You've just invested in 'the logo' for your company, you are happy with that mark that will now be presented to the world, you're ready to roll it out across all of your communications; your social media accounts, packaging, business cards, email signature etc. right?

Well, hold on a moment.

You've most likely commissioned a designer to produce a logo for you to express your product or company's story to the world and to look professional and have great standout. However, if used incorrectly that message and appearance may slip. It happens oh too often that a logo is applied to everything from business cards to uniforms in a way that undermines the strength of its original design and purpose. How your logo is used is as important as the logo itself.

Now you might be thinking – 'well that all sounds like something relevant for big businesses but it's not relevant to my small company.' I'm here to say it's maybe even more relevant to you!

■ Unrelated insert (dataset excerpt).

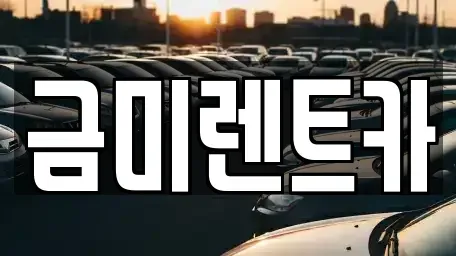 서울 영등포구 대림동 단기렌트카 전문 금미렌트카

Of course, it would be best if a professional designer or design team, could produce each and every piece of visual communication, but the reality is that many young business don't have the initial finances to pay a designer to do everything, or that certain jobs can't wait. If you anticipate needing to produce some of your own visual communications such as printing business cards, or creating social media content, it may be worth while to invest in brand guidelines. This will serve as your visual communication bible. As well as showing you how to best use your logo, brand guidelines can also give you a colour palette and fonts to be used consistently. Where relevant, it may also provide supporting assets such as; patterns, black and white logo versions, shorthand logos, social media logos, examples of best practice, do's and don'ts, photography styles, illustrative styles and even copy tone of voice. By having this guide, your designer is giving you the best steer possible to ensure that your brand's message and visual identity stay focused and on-track.

Your logo, working with your supporting brand assets, is what makes-up your company's visual language. And your brand guidelines ensure that language is communicated loudly, clearly and fluently.